First time posting, as I've found the forum really helpful as a first-time house buyer and caretaker of a Victorian property. My girlfriend and I recently purchased a Victorian house built in 1862 in London in a conservation area in SE18 (Woolwich/Plumstead). We have a damp issue we've been trying to investigate and determine the cause of. We want to do what is best for the building and are restoring many of the elements to their original Victorian style and would appreciate any advice on the below. I've included some photos of the issue against the floor plan which hope are helpful.

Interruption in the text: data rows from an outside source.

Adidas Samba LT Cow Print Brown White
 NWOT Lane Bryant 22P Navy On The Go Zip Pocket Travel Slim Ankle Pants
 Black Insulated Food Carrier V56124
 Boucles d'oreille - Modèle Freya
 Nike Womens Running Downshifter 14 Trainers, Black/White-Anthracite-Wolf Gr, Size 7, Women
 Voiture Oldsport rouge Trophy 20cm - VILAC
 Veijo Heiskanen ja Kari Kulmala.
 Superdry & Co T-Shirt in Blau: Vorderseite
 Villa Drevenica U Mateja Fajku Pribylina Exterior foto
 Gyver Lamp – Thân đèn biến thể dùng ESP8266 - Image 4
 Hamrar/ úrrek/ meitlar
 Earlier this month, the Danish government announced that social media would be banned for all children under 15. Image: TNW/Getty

- 1. The damp is located in these two walls, both brick, one exterior and one interior. We had the regular run-of-the-mill damp survey done which stated rising damp in the x2 affected walls and recommended a damp proof course. We have resigned ourselves to doing the DPC, however we see this as extra insurance. We are mostly concerned with eliminating any on-going cause though that could be behind it and don't want to be ignoring an underlying cause outside of moisture from the ground type. The build is early-Victorian so don't believe there is an original slate DPC, as from my casual research, this came into fashion in later Victorian builds. Our Build Site Director who is overseeing our renovations commencing in June agrees that there may actually be a leak that needs investigating. The guttering is newish and clear and no obvious leaks going into the walls themselves.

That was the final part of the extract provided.